Robust Growth Justifies Valuation?

The stock is currently priced at about 57x forward earnings and around 14x forward sales. These multiples indicate IREN’s strong growth potential, but they also emphasize that investors are paying a premium for expected future growth. For additional details, visit: IREN Valuation Ratios

Growth has surged significantly. Revenues increased from just $60 million in FY’22 to around $501 million in fiscal FY’25. Q1 FY26 results, released in October 2025, surpassed expectations, with revenues soaring 355 percent year-over-year to $240.3 million and net income reaching $384.6 million, propelled by gains on financial instruments. Consensus estimates forecast over 125 percent growth for fiscal 2026 and about 95 percent in 2027, pushing revenues above $2.3 billion by FY’27. This degree of acceleration provides vital support for the elevated valuation.

Such growth is being bolstered by a rapid expansion of the company’s GPU infrastructure. As of Q1 FY26, the business operated roughly 23,000 GPUs and plans to expand this fleet to around 140,000 GPUs by the end of 2026 as part of its aggressive AI Cloud growth strategy. The company also has ample power capacity to supply its data centers. As of the last fiscal year, its data centers required about 810 MW of power, compared to its control of about 3 GW (3,000 MW) of supply.

The combination of GPU expansion and secured power capacity positions IREN to continue scaling cloud computing without encountering supply limitations. The company concluded the quarter with $1.8 billion in cash and equivalents, supported by a $1 billion zero-coupon convertible note issued last month and $400 million in GPU financing. This robust capital position offers flexibility as the company moves forward with its large-scale expansion.

Management now forecasts $3.4 billion in AI Cloud annual recurring revenue by the end of 2026 – a remarkable increase from the $500 million plus in run-rate cloud revenues observed in Q1 FY26.

Despite numerous advantages, risks persist. The sector is fiercely competitive, with established cloud providers and other crypto miners competing for market share. Notable execution risks are also present. Although IREN has significant contracts with prominent names and a large power portfolio, constructing large data centers entails numerous challenges, including managing construction delays, obtaining local permits, ensuring adequate cooling capacity, and integrating thousands of GPUs into stable, high-availability clusters.

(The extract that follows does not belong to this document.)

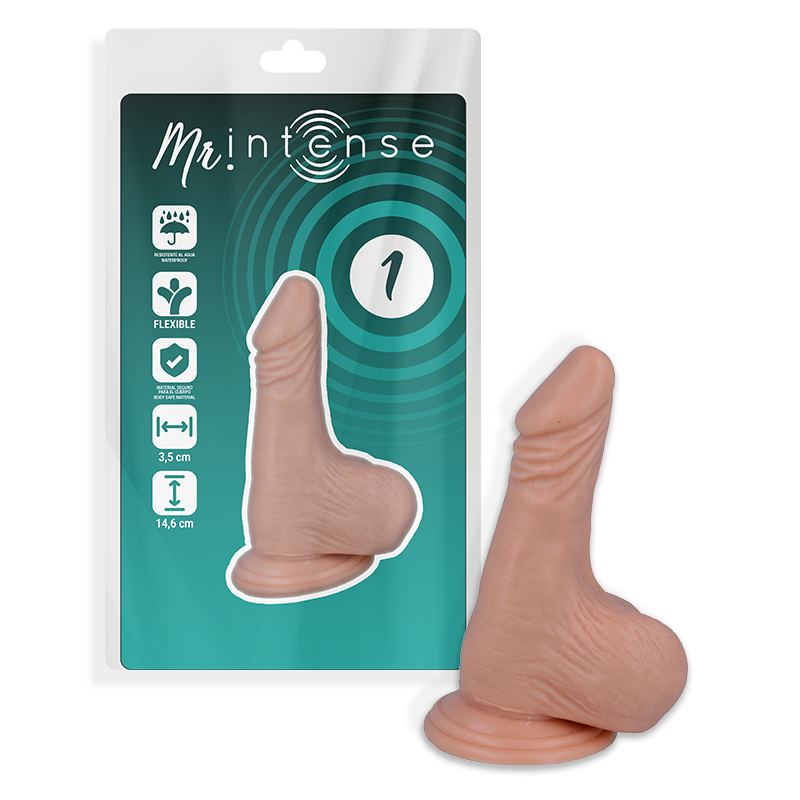 MR INTENSE - 1 REALISTIC COCK 14.6 CM -O- 3.5 CM - 7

Additionally, the generative AI market might be experiencing a “fear-of-missing-out” phase, where demand for computing resources is temporarily heightened. Over time, as investors in AI enterprises increasingly focus on returns on investment and cost efficiencies, the growth in demand for computing could stabilize, potentially applying pressure on margins and limiting potential gains for companies like IREN.